§ Data supplied

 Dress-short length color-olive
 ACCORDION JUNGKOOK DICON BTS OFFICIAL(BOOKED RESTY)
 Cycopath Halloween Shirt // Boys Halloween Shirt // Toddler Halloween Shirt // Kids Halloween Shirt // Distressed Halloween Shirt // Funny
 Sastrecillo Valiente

* * *

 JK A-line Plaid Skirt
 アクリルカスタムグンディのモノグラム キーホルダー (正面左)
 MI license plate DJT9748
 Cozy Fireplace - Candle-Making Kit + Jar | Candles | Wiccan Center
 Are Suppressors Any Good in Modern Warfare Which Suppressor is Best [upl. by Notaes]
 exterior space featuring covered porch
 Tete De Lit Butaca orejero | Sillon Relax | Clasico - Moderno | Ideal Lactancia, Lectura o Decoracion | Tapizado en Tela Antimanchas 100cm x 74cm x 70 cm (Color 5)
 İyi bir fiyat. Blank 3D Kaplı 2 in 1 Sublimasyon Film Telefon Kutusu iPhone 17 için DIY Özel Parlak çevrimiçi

§ Work to complete
The lines above starting at the one that contains "Are Suppressors Any" and ending at the one that contains "İyi bir fiyat." must be transcribed exactly, and no other lines may appear.

§ Finished task
 Are Suppressors Any Good in Modern Warfare Which Suppressor is Best [upl. by Notaes]
 exterior space featuring covered porch
 Tete De Lit Butaca orejero | Sillon Relax | Clasico - Moderno | Ideal Lactancia, Lectura o Decoracion | Tapizado en Tela Antimanchas 100cm x 74cm x 70 cm (Color 5)
 İyi bir fiyat. Blank 3D Kaplı 2 in 1 Sublimasyon Film Telefon Kutusu iPhone 17 için DIY Özel Parlak çevrimiçi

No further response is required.